Pursuant to the requirements of the Securities Act of 1933, the Registrant
certifies that it has reasonable grounds to believe that it meets all of the
requirements for filing on Form S-2 and has duly caused this pre-effective
amendment to this registration statement to be signed on its behalf by the
undersigned, thereunto duly authorized, in the City of Hartford, State of
Connecticut, on July 10, 1995.

                        THE TRAVELERS INSURANCE COMPANY
                                  (Registrant)

                                    By: /s/Jay S. Fishman
                                        -----------------
                                       Jay S. Fishman
                                       Chief Financial Officer

Pursuant to the requirements of the Securities Act of 1933, this pre-effective
amendment to this registration statement has been signed by the following
persons in the capacities indicated on July 10, 1995.


*ROBERT I. LIPP                       Director and Chairman of the Board 
- ---------------                       
(Robert I. Lipp)                                                            

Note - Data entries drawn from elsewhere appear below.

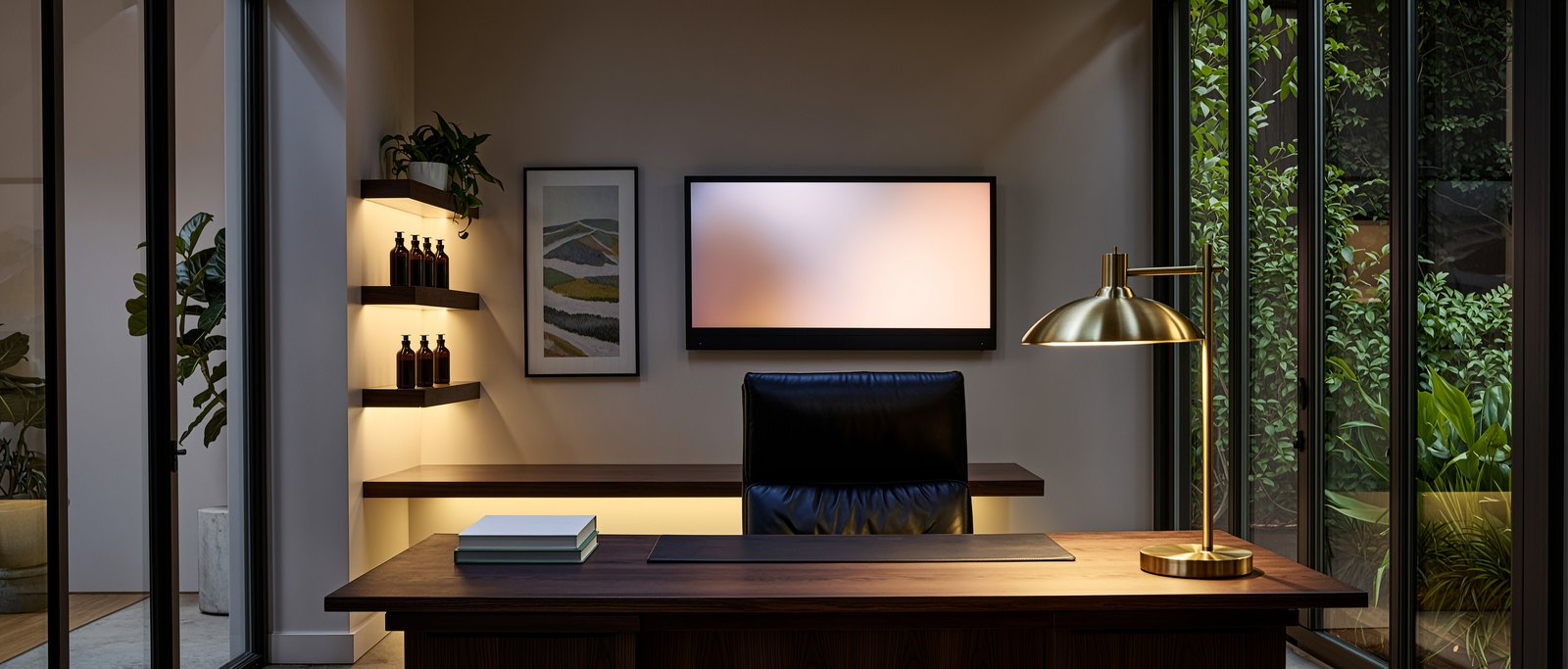 Unoccupied modern office with a desk, a lamp and a monitor showing nothing, concept render by PELORA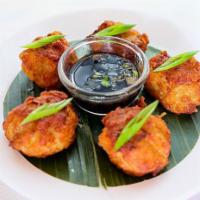 Fried Dumplings · Ground Chicken and Shrimps, water chestnuts and shiitake mushrooms served with tangy soy sau...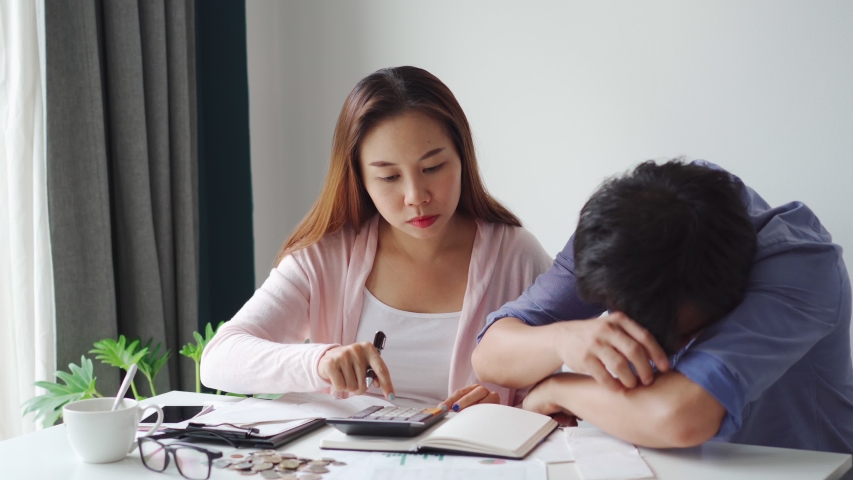 Stressed young couple calculating monthly home expenses, taxes, bank account balance and credit card bills payment, Income is not enough for expenses Royalty-Free Stock Footage #1054735052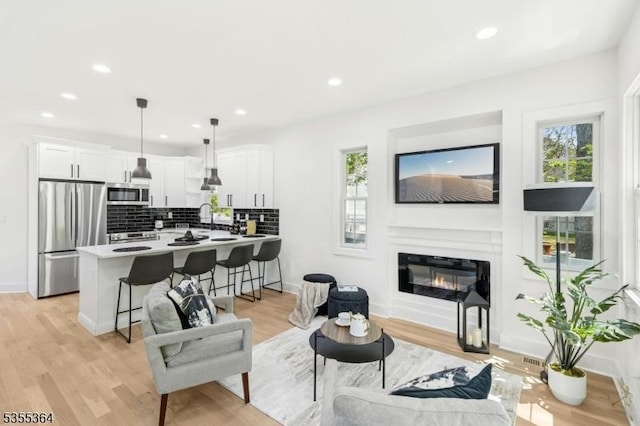 944 Orange Ave, Cranford Twp, NJ 07016 - living room with light wood-type flooring, recessed lighting, and a glass covered fireplace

/s/JAY S. FISHMAN                     Director and Chief Financial Officer
- -----------------                                                         
(Jay S. Fishman)

*CHARLES O. PRINCE, III               Director
- -----------------------                       
(Charles O. Prince, III)

*MARC P. WEILL                        Director
- --------------                                
(Marc P. Weill)

*IRWIN R. ETTINGER                    Director
- ------------------                            
(Irwin R. Ettinger)

*MICHAEL A. CARPENTER                 Director, President and Chief Executive
- ---------------------                 Officer
(Michael A. Carpenter) 


*DONALD T. DeCARLO                    Director
- ------------------                            
(Donald T. DeCarlo)

/s/CHRISTINE B. MEAD                Vice President - Finance
- --------------------                and Controller          
(Christine B. Mead)                                



*By: /s/Jay S. Fishman
     -----------------
    Jay S. Fishman, Attorney-in-Fact

<PAGE>
 
                                 EXHIBIT INDEX
                                 -------------


Exhibit
  No.      Description                                       Method of Filing
- --------   -----------                                       ----------------


    1.   Form of Underwriting Agreement.                     Electronically


    2.   Agreement and Plan of Merger dated June 25, 1995,       
         by and among United HealthCare Corporation, Montana     
         Acquisition, Inc., The MetraHealth Companies, Inc.      
         and Certain Other Persons, incorporated by reference    
         to Exhibit 2 to Pre-Effective Amendment No. 1 on        
         Form S-2, File No. 33-58677, filed on July 10, 1995.     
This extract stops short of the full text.